Comment on the Sum-Product Algorithm

Suppose all \(X_i\in {1,\ldots, k}\), \(d\) nodes, \(M\) factors.

  • Intermediate "factor-to-variable" message table: \(m_{f_C\rightarrow x_i}(x_i)\), computed from at most \(k^{v_i}\) multiplications and \(k^{|N(f_C)|-1}-1\) additions, where \(v_i=|X_C|+|N(f_C)|-1\) is the number of variables involved. We have at most \(d\times M\) such messages.

  • "variable-to-factor" massage table computed from \(k(|N(x_i)|-1)\) multiplications. We have at most \(d\times M\) such messages.

  • marginal probability computed from \(1\) multiplication (use cached message table computed by Rule 3 and 4)

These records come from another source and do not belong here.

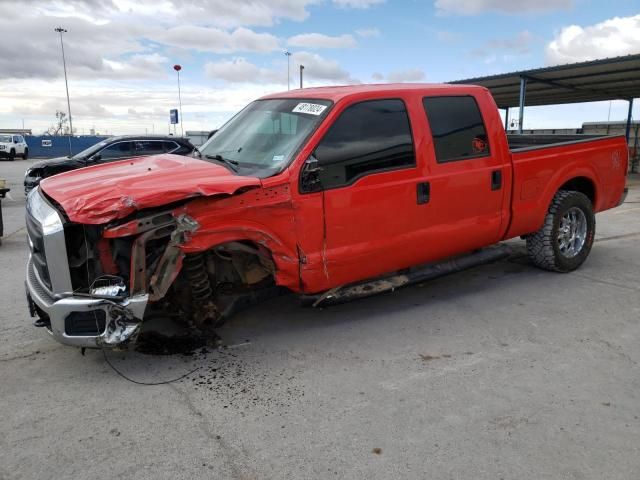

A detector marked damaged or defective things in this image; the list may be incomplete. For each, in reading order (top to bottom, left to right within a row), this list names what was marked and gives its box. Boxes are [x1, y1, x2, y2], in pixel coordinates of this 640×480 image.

crushed hood [40, 154, 262, 225]
exposed wheel well [560, 177, 596, 205]
damaged front bumper [26, 255, 149, 348]
cracked concrete [1, 162, 640, 480]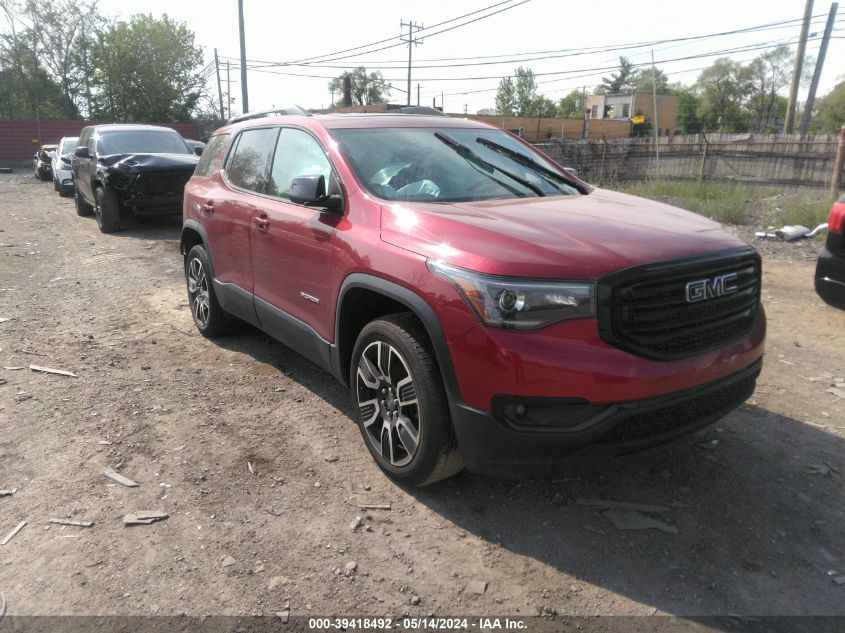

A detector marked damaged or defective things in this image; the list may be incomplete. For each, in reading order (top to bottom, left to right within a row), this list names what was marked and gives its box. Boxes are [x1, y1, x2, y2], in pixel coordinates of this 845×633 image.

damaged black suv [71, 123, 199, 232]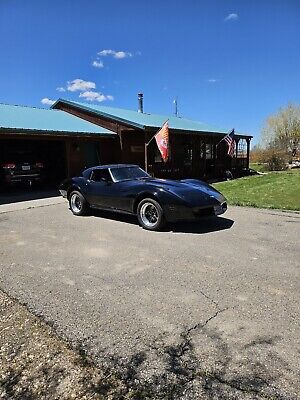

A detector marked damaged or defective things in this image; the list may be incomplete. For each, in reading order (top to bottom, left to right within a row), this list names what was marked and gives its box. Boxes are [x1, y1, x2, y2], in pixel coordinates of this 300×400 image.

cracked asphalt [0, 200, 298, 400]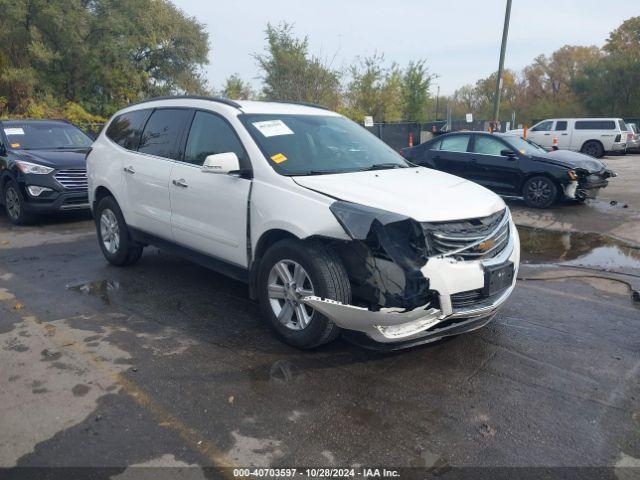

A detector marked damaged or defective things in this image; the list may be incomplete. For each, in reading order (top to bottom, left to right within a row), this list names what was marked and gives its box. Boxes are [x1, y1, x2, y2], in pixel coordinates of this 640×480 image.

crumpled hood [11, 148, 89, 171]
crumpled hood [528, 151, 604, 173]
crumpled hood [292, 168, 508, 222]
damaged bumper [302, 219, 520, 344]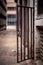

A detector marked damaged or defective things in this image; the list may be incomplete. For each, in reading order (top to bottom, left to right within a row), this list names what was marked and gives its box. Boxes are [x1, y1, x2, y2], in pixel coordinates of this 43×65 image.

rusty metal door [16, 4, 34, 62]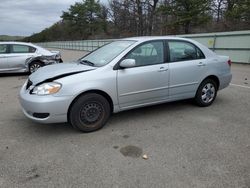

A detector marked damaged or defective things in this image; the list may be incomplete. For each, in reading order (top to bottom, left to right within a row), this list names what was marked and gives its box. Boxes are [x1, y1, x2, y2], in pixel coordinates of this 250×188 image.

dented hood [29, 62, 95, 84]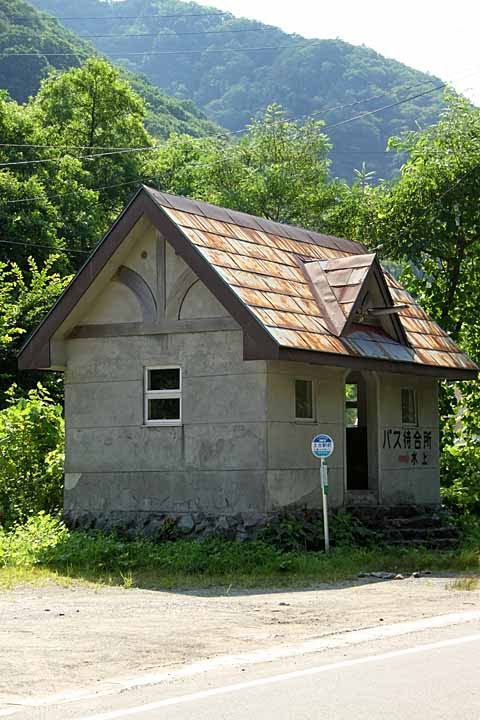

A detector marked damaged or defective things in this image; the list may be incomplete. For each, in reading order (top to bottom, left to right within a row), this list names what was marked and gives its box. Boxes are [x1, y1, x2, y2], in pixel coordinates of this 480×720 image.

  • Intermediate message tables make sharing of computational work easy

Example: Sum-Product Algorithm

  • Calculate the marginal distribution \(p(x_1)\) using the 4 rules in the previous slide \[p(x_1)=\sum_{x_2}\cdots\sum_{x_6}p(\mathbf{x})\]

Extensions

  • What if the factor graph is not a tree: junction-tree algorithm that cluster maximal cliques into supernodes which then form a tree
  • What if we care about the configuration with the maximum probability: Max-Product or Max-Sum (after taking the logarithmic transformation of the probabilities) algorithm

Comment

  • Next Lecture: Belief propagation demonstration on Hidden Markov Models
    • Forward-backward algorithm (special case of Sum-Product algorithm)
    • Viterbi algorithm (special case of Max-Product or Max-Sum algorithm)
  • Optional Reading: Yedidia, J.S., Freeman, W.T. and Weiss, Y., 2003. Understanding belief propagation and its generalizations. Exploring artificial intelligence in the new millennium, 8, pp.236-239.
    • Belief propagation introduced by pairwise Markov networks: any factor graph can be transformed into a pairwise Markov network, vice versa.
    • For graphs not singlely-connected, we can trade-off the accuracy of approximating the marginal probabilities and the computational efficiency. Pairwise belief propagation (Bethe approximation) is not accurate when there are short loops in the graph, but fast; Large-cluster-based belief propagation (Kikuchi approximation) is more accurate, but more computational intensive because of larger intermediate tables.